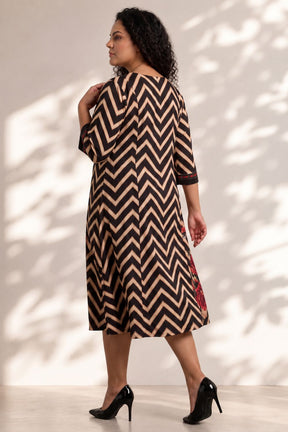 Plus Size Black Rose Chevron Print Midi Dress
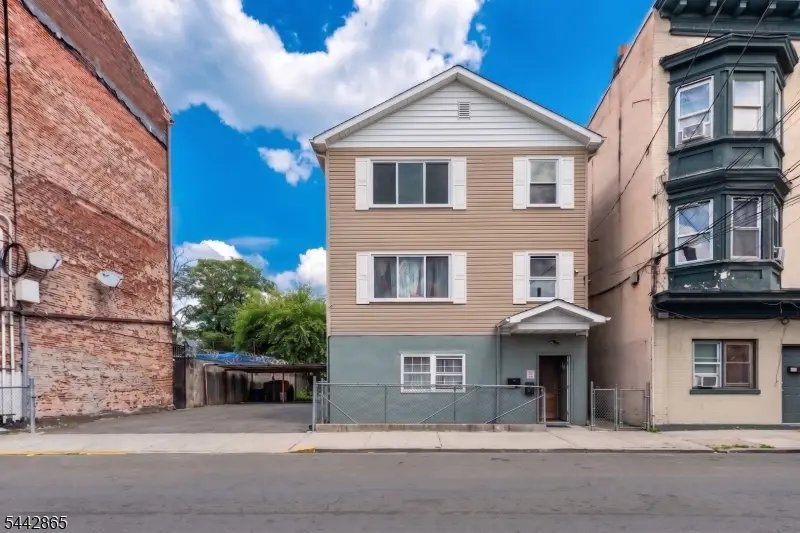 363 Summer St, Paterson, NJ 07501 - #1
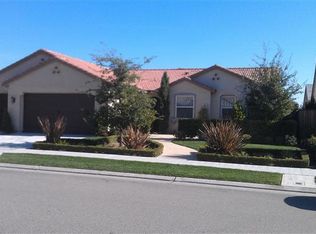 1861 N Sanders Ave, Clovis, CA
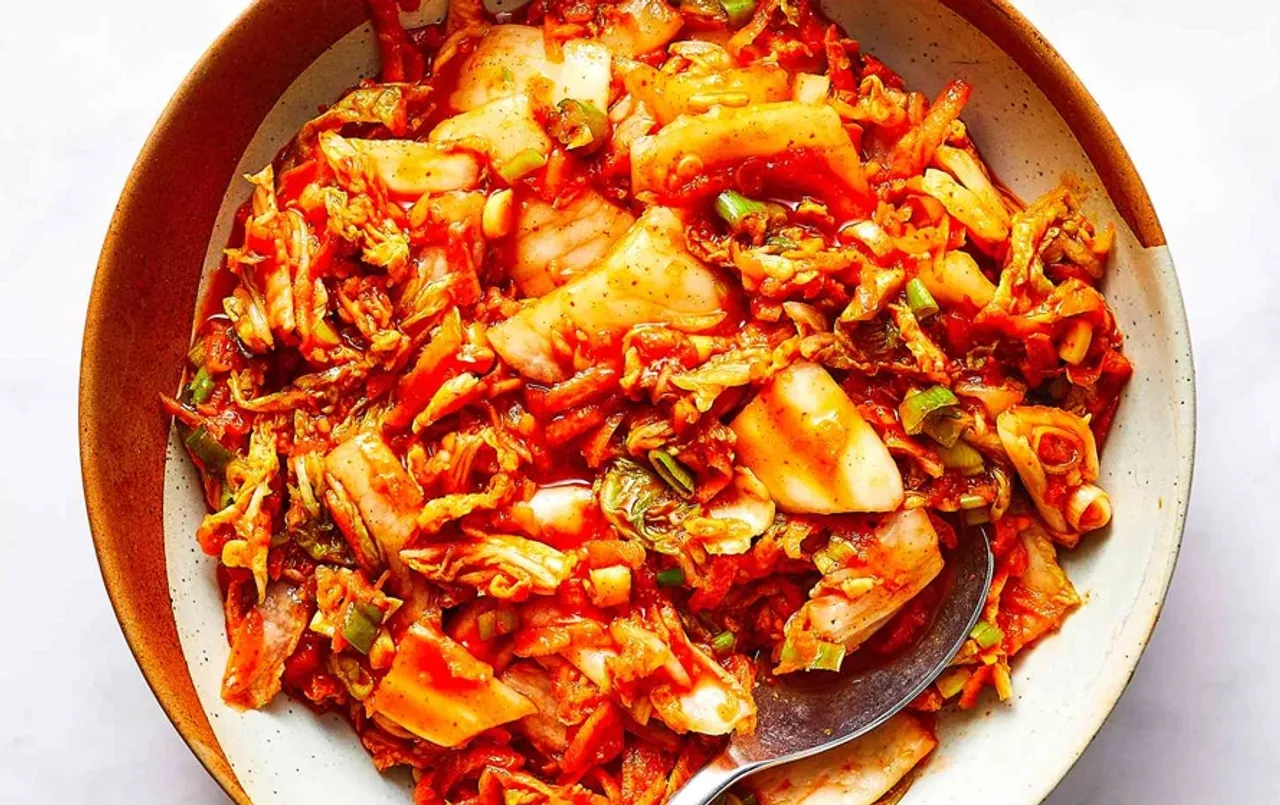 Korean Kimchi Recipe: कोरियन डिश किमची का अचारी स्वाद आपको खूब आएगा पसंद, पत्ता गोभी से होती है तैयार, जानें रेसिपी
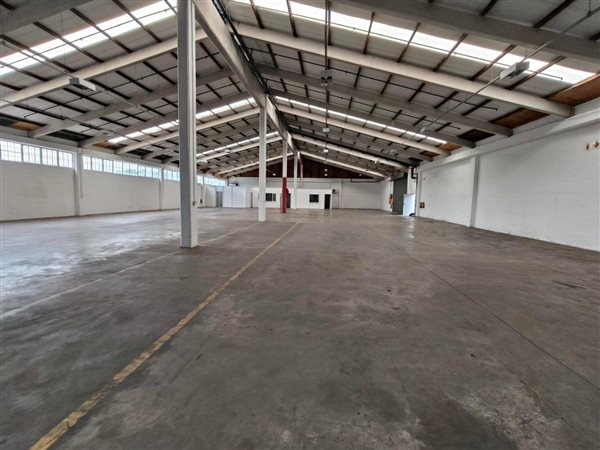1108  m² Industrial space in Westmead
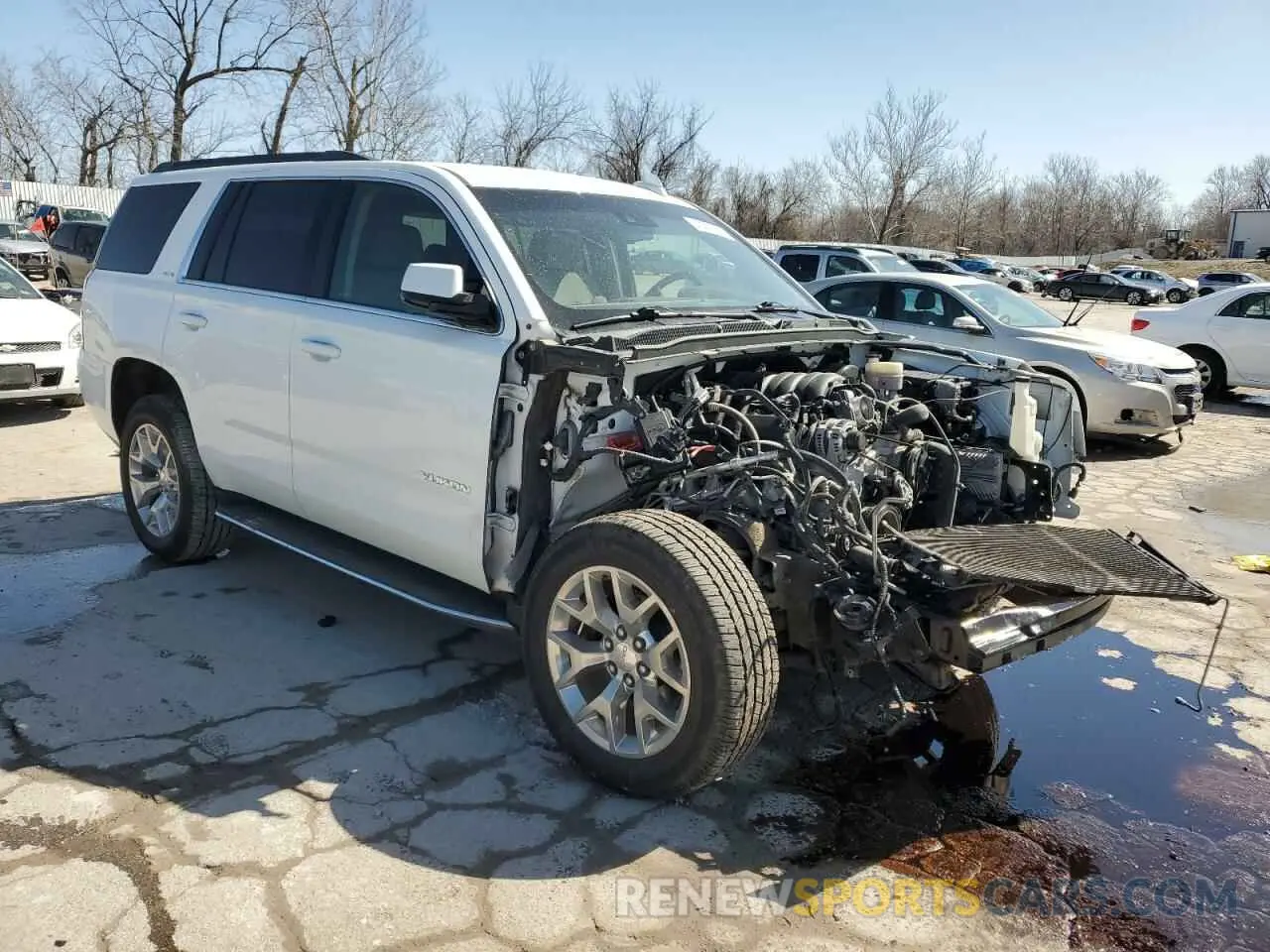 4 Photograph of a damaged car 1GKS1AKCXLR127278 GMC YUKON 2020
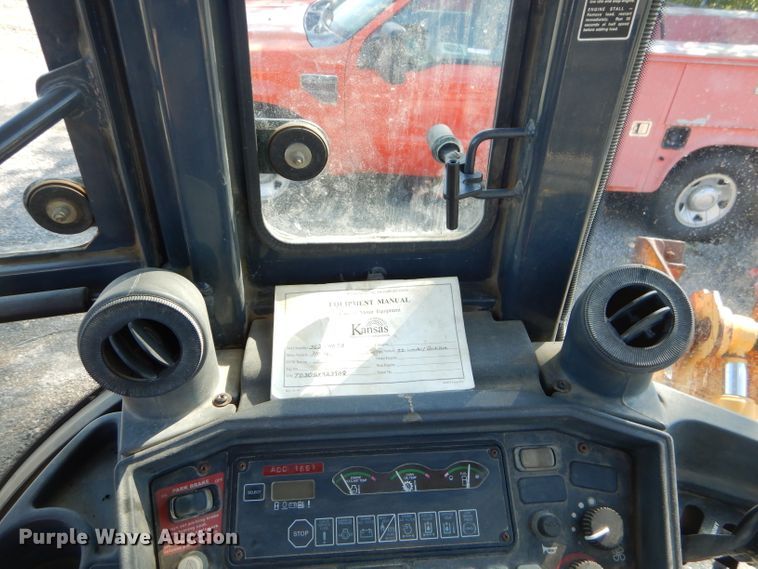 image for item FC9947 2003 John Deere 310G backhoe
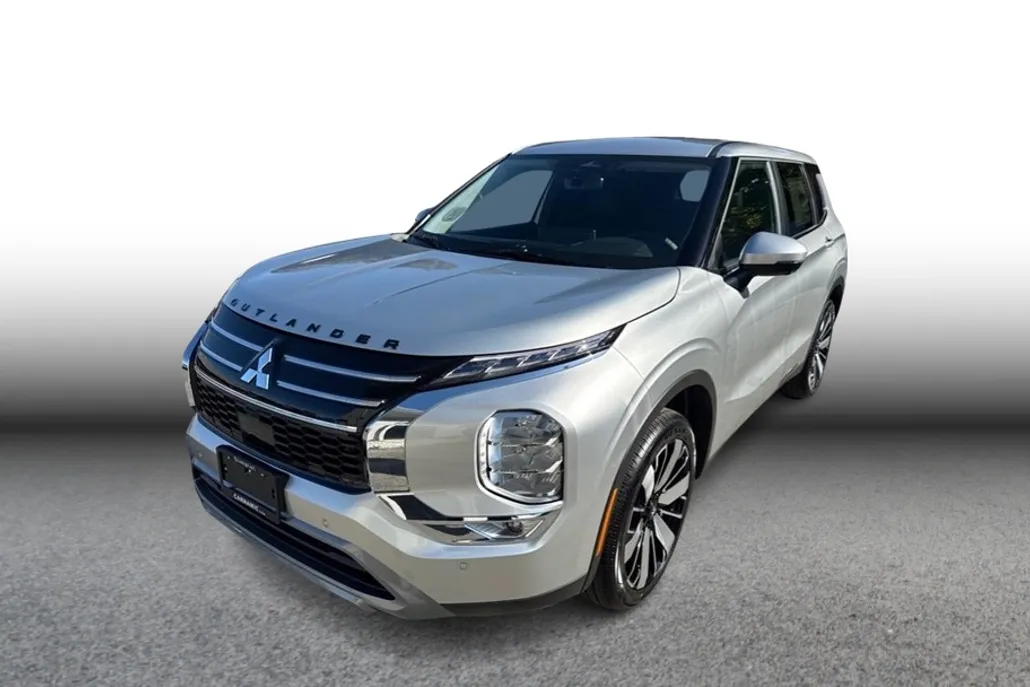 2025 Mitsubishi Outlander SE photo 1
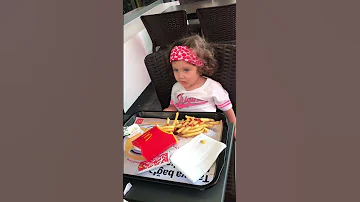 الله الله يابابا اشتركوا بالقناة 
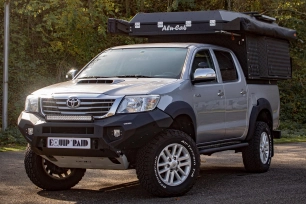 Préparation 4x4 de Toyota Hilux Vigo par Equip'Raid Cellule Khaya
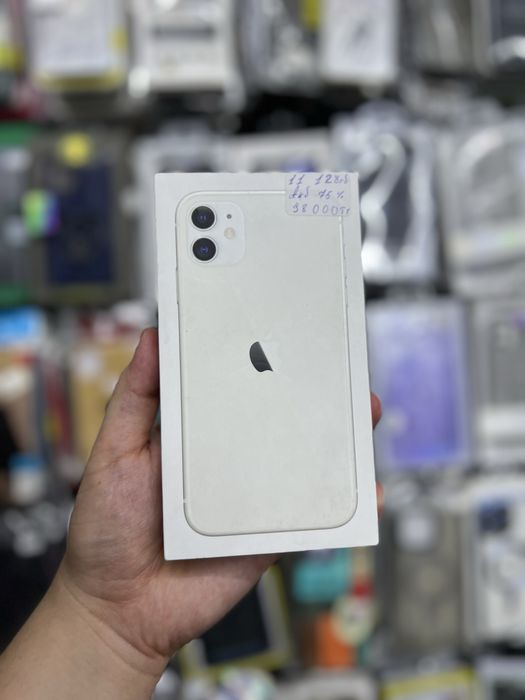 Айфон 11 разные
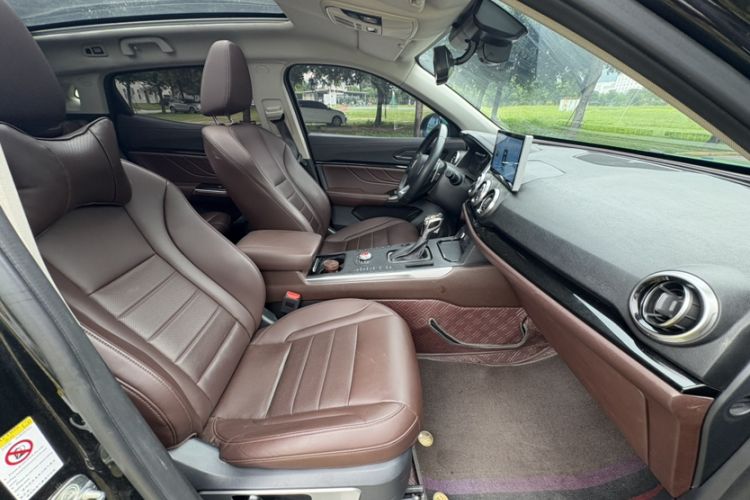 Used Wey VV5 2017 2.0T Ultra-Luxury Version Interior 9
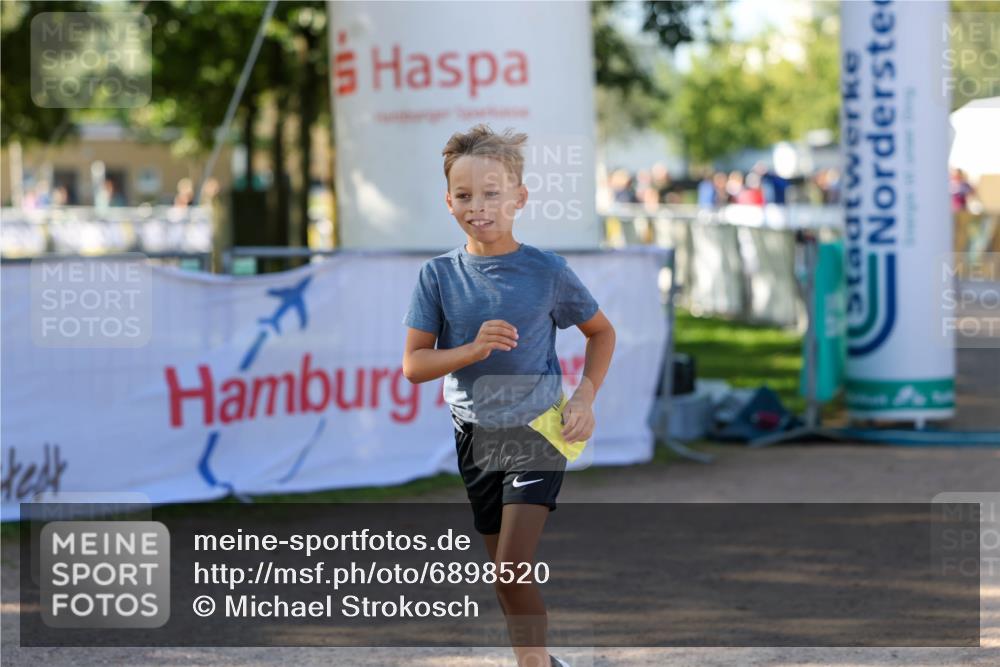 01.09.2024 - 17. Tribühne Triathlon Michael Strokosch http://msf.ph/oto/6898520 01.09.2024 10:01:24 Ziel 120 meine-sportfotos.de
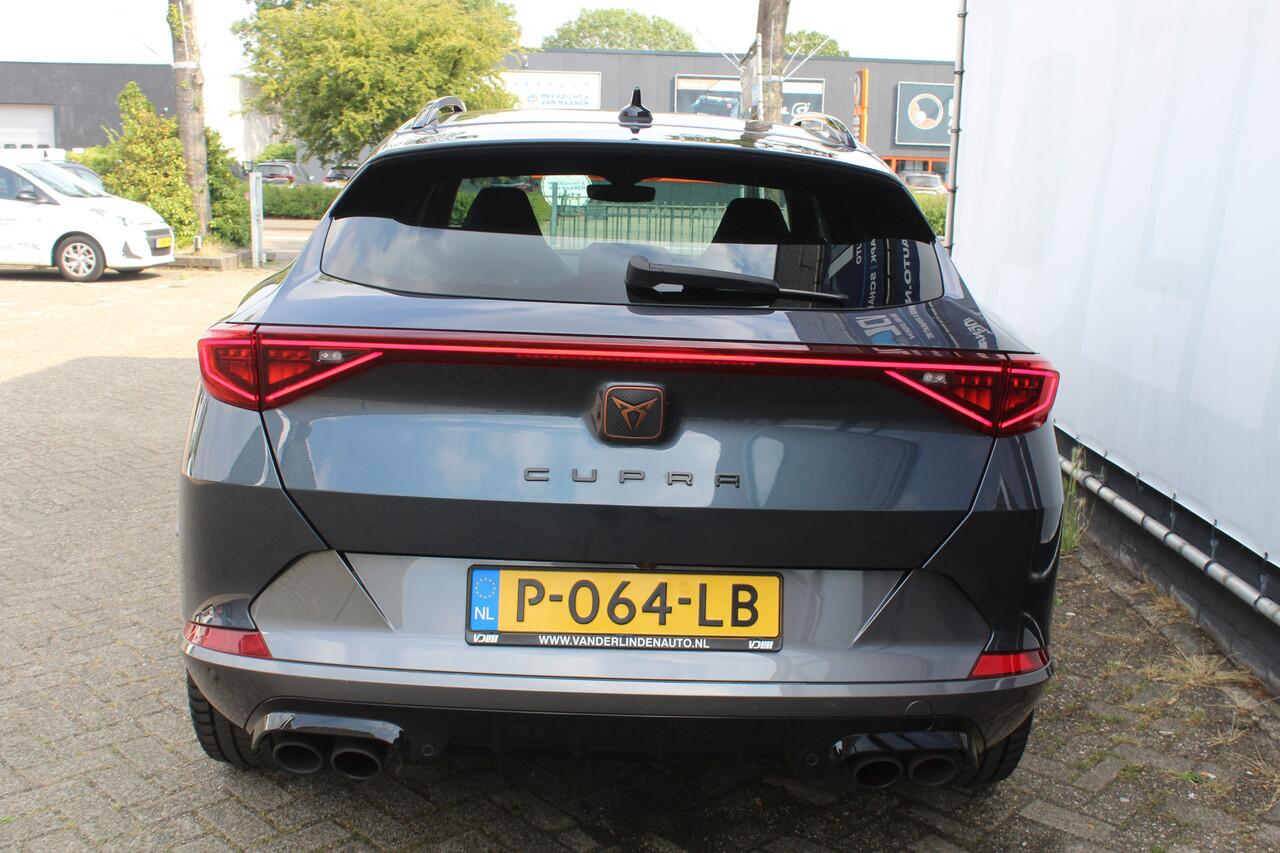 Cupra Formentor 2.0 TSI 4DRIVE 310pk Sport stoelen l Adaptief cruise control l Stoel + Stuur verwarming l 360 sensoren + achterruit camera l automatisch parkeren
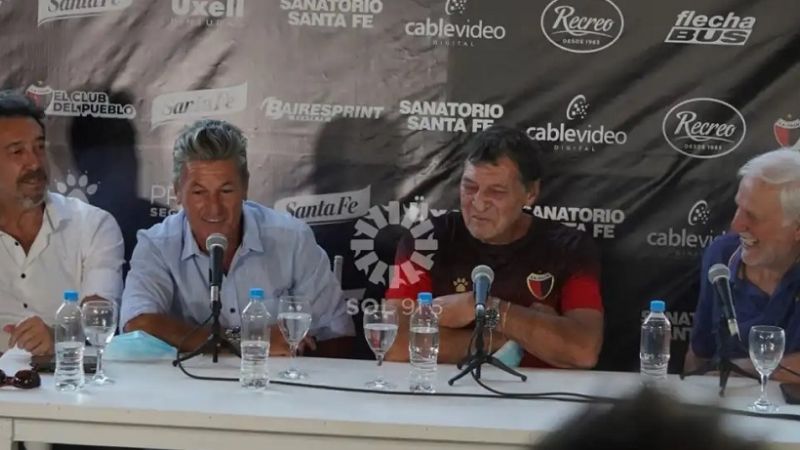 Falcioni asumió en Colón y pidió que Farías se quede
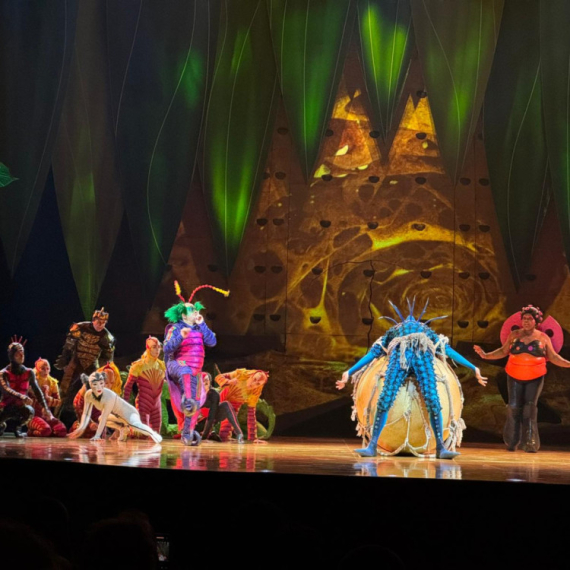 Publika ostala bez daha u prepunoj Beogradskoj areni: Cirque du Soleil predstavom "OVO" oduševio sve FOTO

=== Task brief ===
Copy out nothing but the lines from the beginning of the records through the one that contains "01.09.2024 - 17.". Skip the pictures.

=== Expected output ===
 Plus Size Black Rose Chevron Print Midi Dress
 363 Summer St, Paterson, NJ 07501 - #1
 1861 N Sanders Ave, Clovis, CA
 Korean Kimchi Recipe: कोरियन डिश किमची का अचारी स्वाद आपको खूब आएगा पसंद, पत्ता गोभी से होती है तैयार, जानें रेसिपी
1108  m² Industrial space in Westmead
 4 Photograph of a damaged car 1GKS1AKCXLR127278 GMC YUKON 2020
 image for item FC9947 2003 John Deere 310G backhoe
 2025 Mitsubishi Outlander SE photo 1
 الله الله يابابا اشتركوا بالقناة 
 Préparation 4x4 de Toyota Hilux Vigo par Equip'Raid Cellule Khaya
 Айфон 11 разные
 Used Wey VV5 2017 2.0T Ultra-Luxury Version Interior 9
 01.09.2024 - 17. Tribühne Triathlon Michael Strokosch http://msf.ph/oto/6898520 01.09.2024 10:01:24 Ziel 120 meine-sportfotos.de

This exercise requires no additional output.